President Joe Biden on Monday is expected to nominate Christine Wormuth to become the next secretary of the Army and the first woman to ever serve in the role in the 245-year history of the military’s oldest branch.
Defense Secretary Lloyd Austin called Wormuth “a true patriot with a dedicated career in service to America and our nation’s security,” noting her experience as “critical to addressing and deterring today’s global threats” from countries including China, Russia, Iran and North Korea.
Wormuth served in a number of roles under President Barack Obama, first joining the administration in 2009. Her last role in the Obama administration was as under secretary of defense, the third-most senior civilian position in the department, advising on foreign policy and national security issues. Wormuth led Biden’s defense agency review team as part of the transition in January.
Wormuth, 51, is currently director of the International Security and Defense Policy Center at the RAND Corporation and an adjunct professor at Georgetown University. She is a graduate of Williams College in Massachusetts and has a master’s degree in public policy from the University of Maryland.

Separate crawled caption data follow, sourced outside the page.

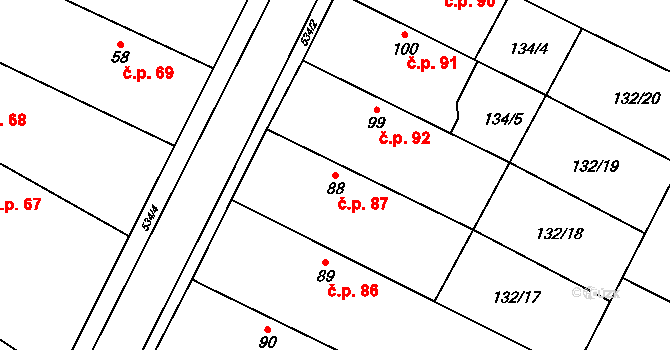 Běrunice 87 na parcele st. 88 v KÚ Běrunice, Katastrální mapa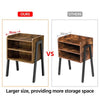 3-Tier Sofa Side End Table Stackable Bedside Table with Metal Frame for Bedroom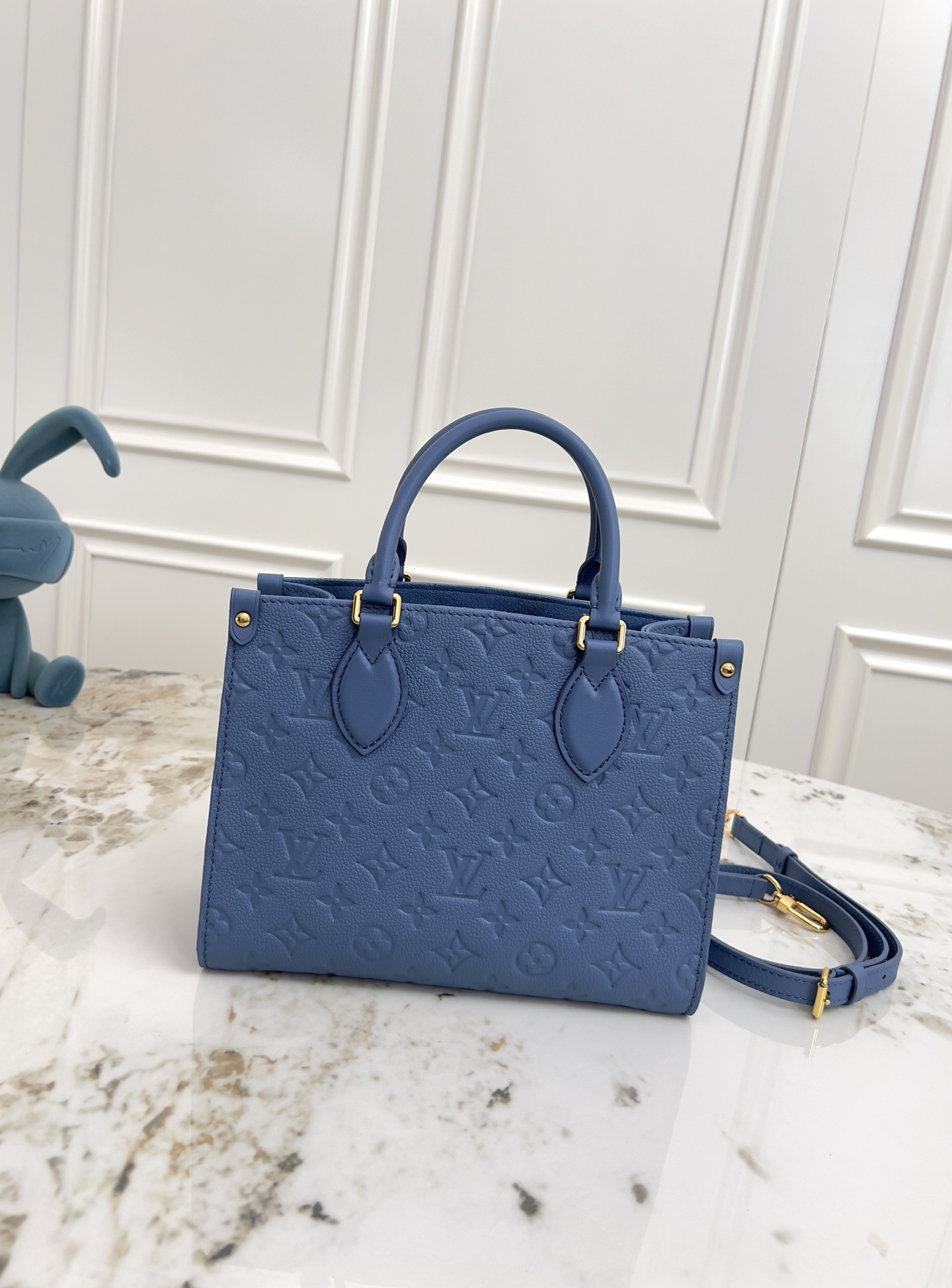 Louis Vuitton OnTheGo Mini Handbag in Blue Monogram Empreinte Leather - Image 3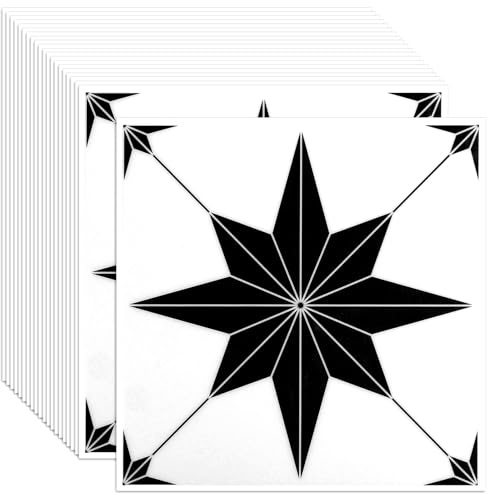 CYEER Set med 20 självhäftande vinylgolv – 30 x 30 cm PVC golvplattor (1,8 m²) – svart stjärnmönster med vita linjer på vit vattentät golvbeläggning för kök och badrum – vänlig hyreslägenhet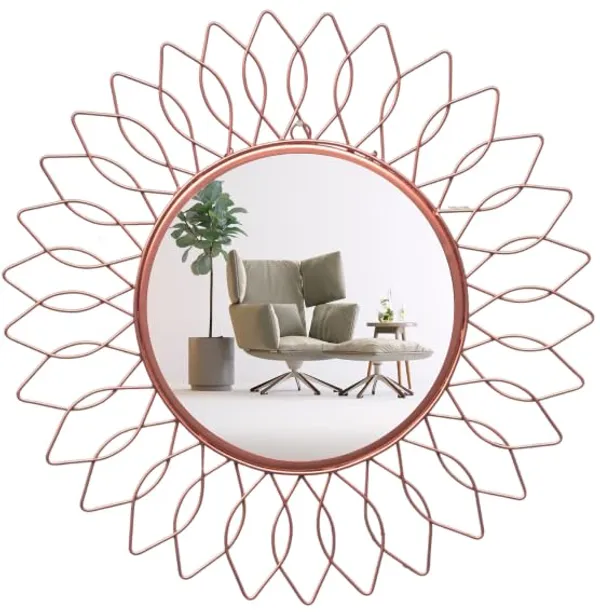 Rose_Gold_Beautiful_Modern_Designer_Sunflower_Iron_Decorative_Round_Framed_Wall_Mirror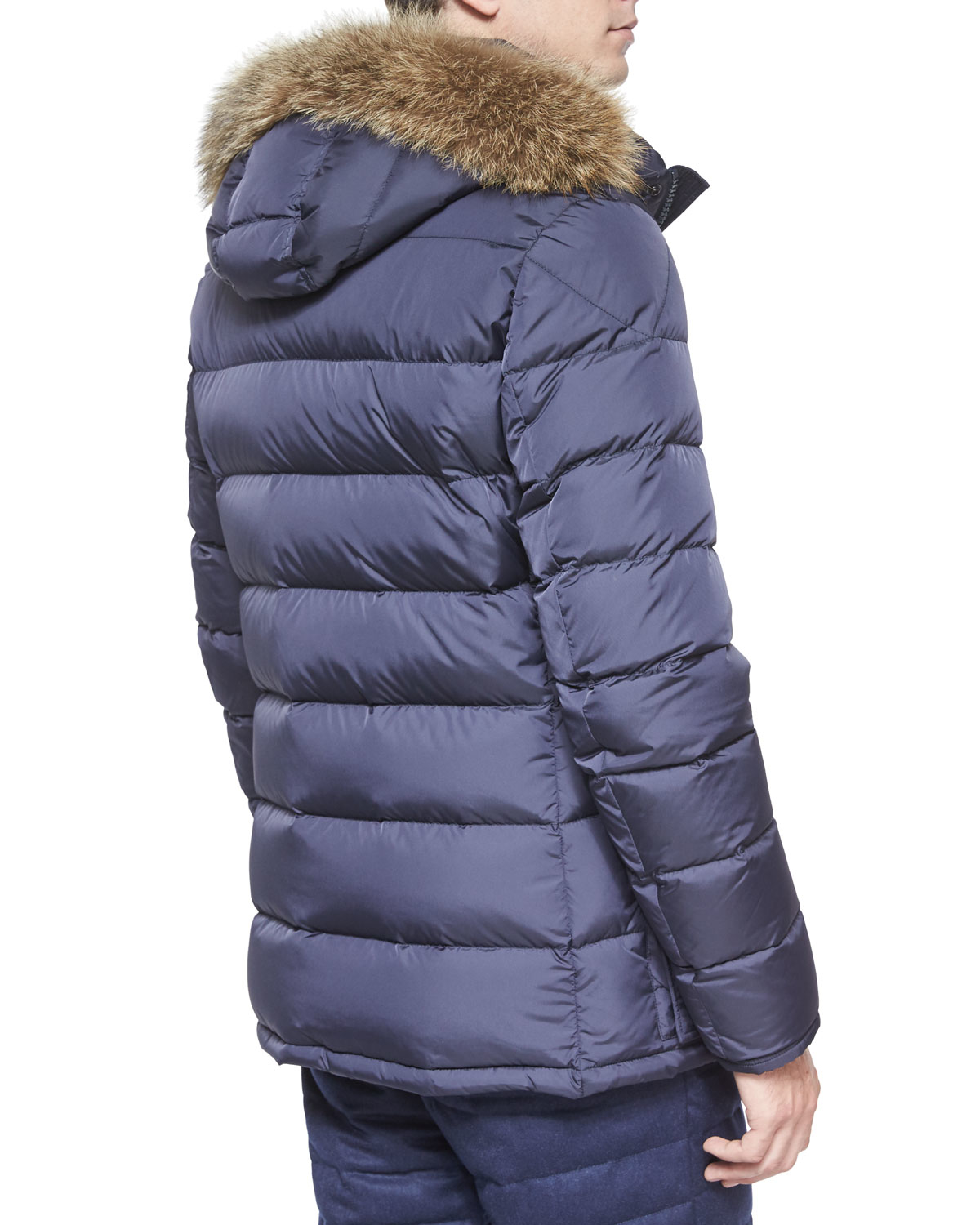 Moncler Cluny Nylon Puffer Jacket With Fur Hood in Blue for Men | Lyst
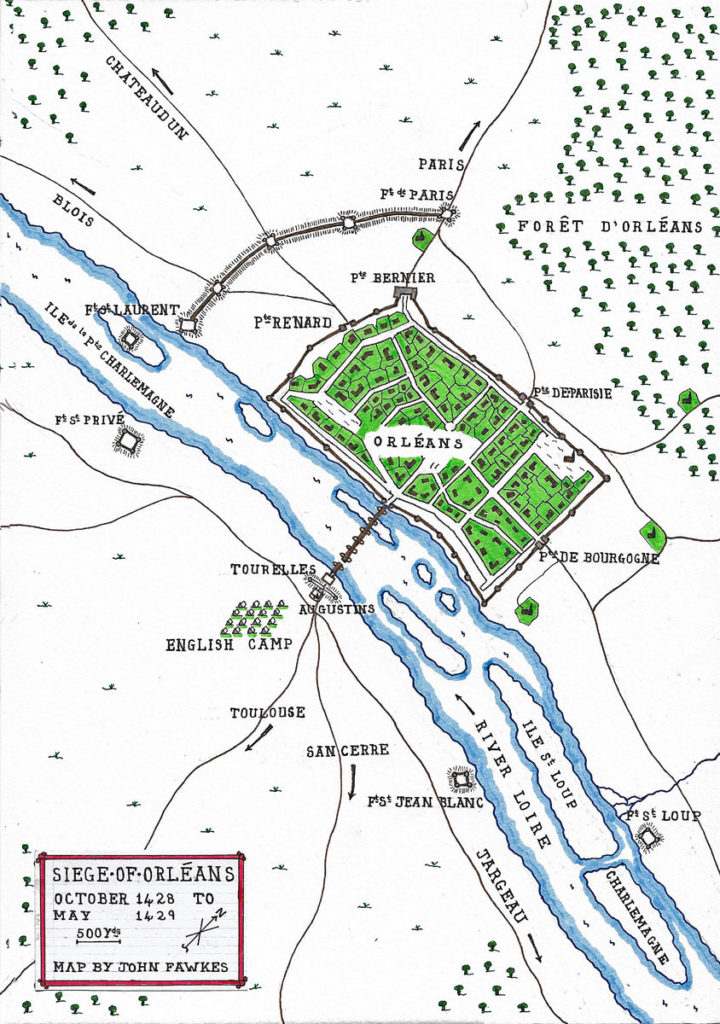 Siege of Orléans October 1428 to May 1429 in the Hundred Years War: battle map by John Fawkes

Since taking office in January, Biden has named women to pioneering, key roles in defense, including national intelligence director Avril Haines and deputy defense secretary Kathleen Hicks. He also nominated Air Force Gen. Jacqueline Van Ovost and Army Lt. Gen. Laura Richardson to be promoted to four-star generals. If confirmed, Ovost and Richardson would become the second and third women in U.S. history to lead combatant commands.